Advance Clustering states:
We have used IPoIB on several occasions with great success. Using IPoIB should take away any network bottleneck and leave the drives as the bottleneck. With NFS over IPoIB you will have a theoretical 10Gb link to your NFS storage which still should leave plenty of bandwidth for your calculations.
But, engineer warns, that IPoIB and FSS software might be unstable. Hence, the FSS shelf would be replaced with another expansion shelf, presented as a block device to head node, which now becomes an NFS server. Then IPoIB could be deployed cluster wide. Not an attractive option.
Attached is the updated quote with 10Gb connectivity on the primary storage node without IPoIB but with 10 Gb. The switch we are using has one 10Gb port. ($152,283.77) or an additional $1,070 to quote detailed above). This means traffic between storage node and switch is 10Gb and between switch and nodes is 1Gb.
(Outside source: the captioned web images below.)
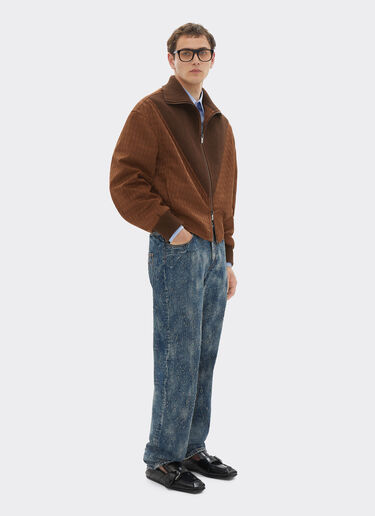 Ferrari Bomber jacket in Q-Cycle® cotton twill Espresso 22605f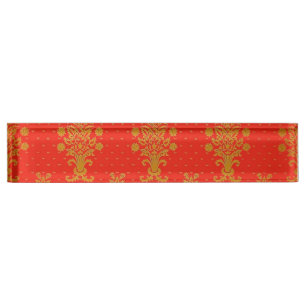 Red And Gold Floral Pattern Nameplate
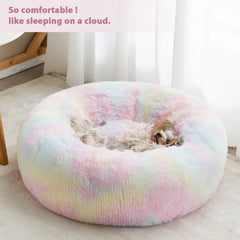 Cama con borde elevado WNPETHOME donut arcoíris, apoyo suave para la siesta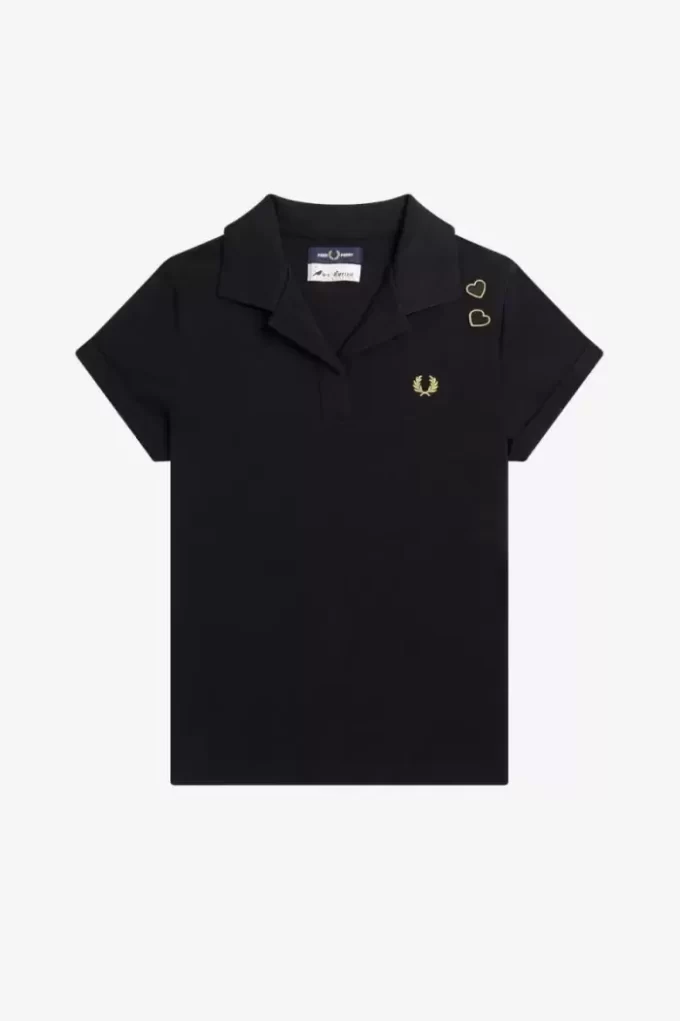 Damen-Poloshirt aus Piqué mit offenem Kragen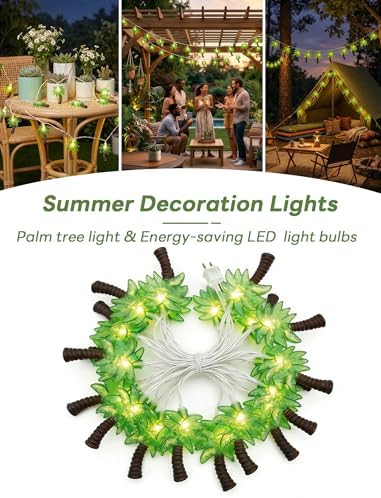 12Ft Summer Beach Hawaiian String Lights - 20 LED Palm Tree Lights for Luau Pool Decor, Hawaii Theme Summer Outdoor Indoor Tropical Party Decorations - Image 4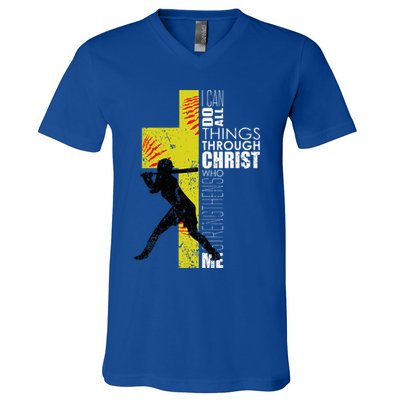 Softball Gifts Players N Christian Religious V-Neck T-Shirt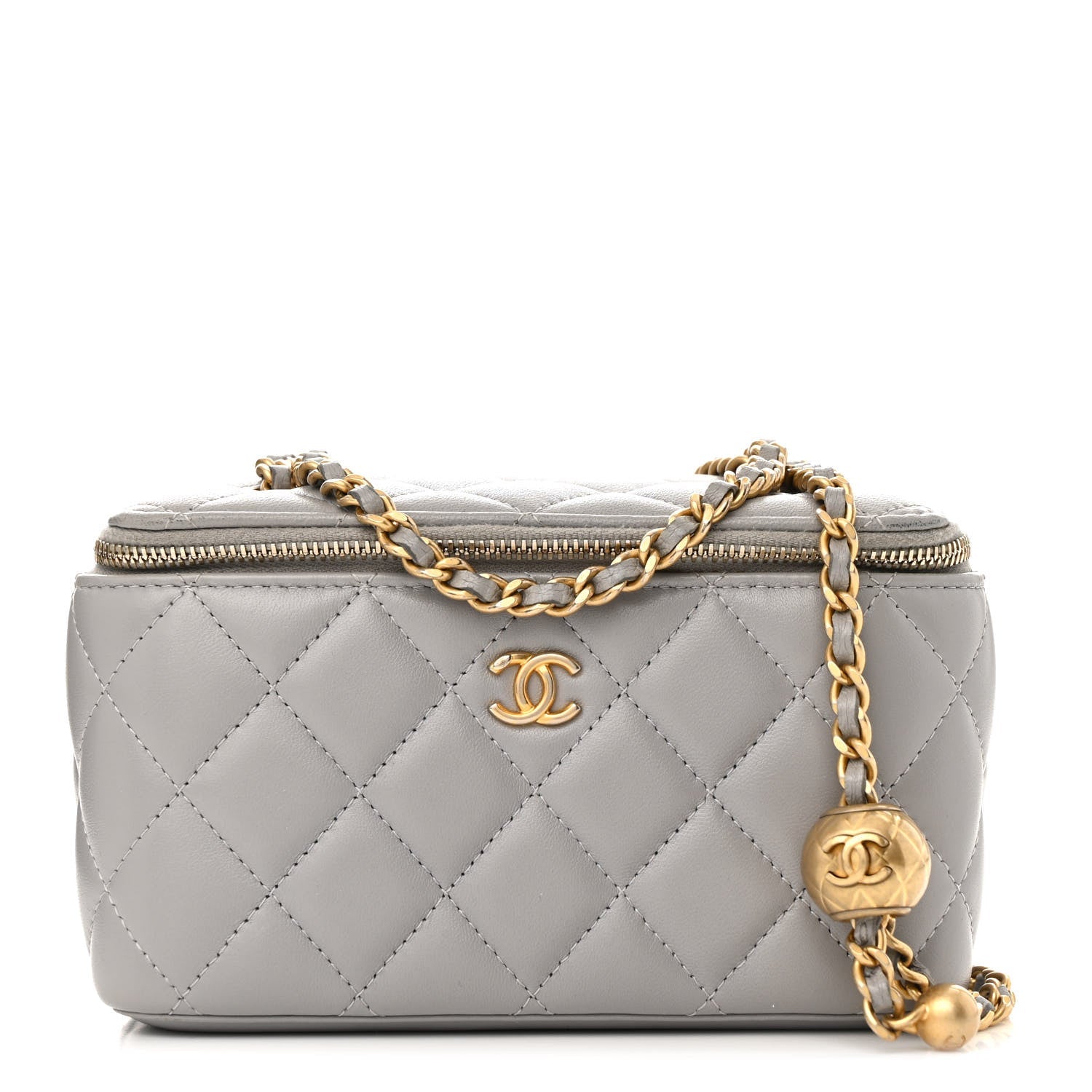 Lambskin Quilted Small Pearl Crush Vanity Case With Chain Grey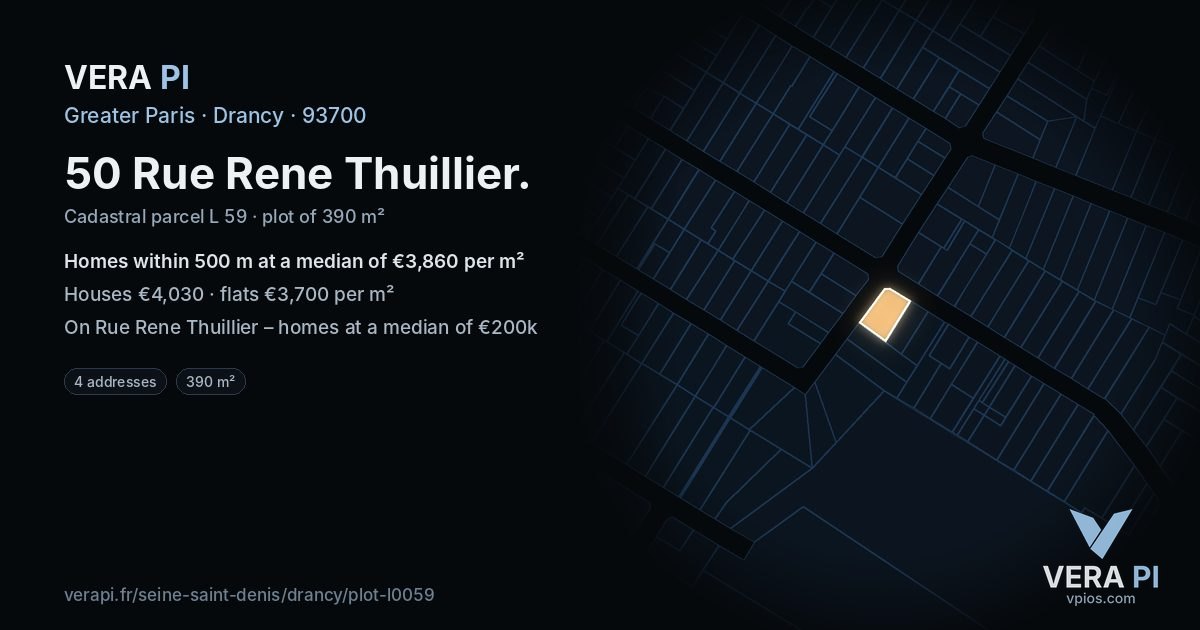 50 Rue Rene Thuillier, Drancy at night – the plot lit, the parcels around coloured by the prices near them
If we purchased just one rack via ACT or Dell (HP unlikely at this time), and we reserve $25K for database server, we could still invest in old Dell rack. For instance:
Refurbished materials from Dell. But I'm not sure this is worth the effort. Unsupported hardware. The better investment would be to increase the size of the “primary” new cluster, that is go with Advanced Clustering. But worth investigating.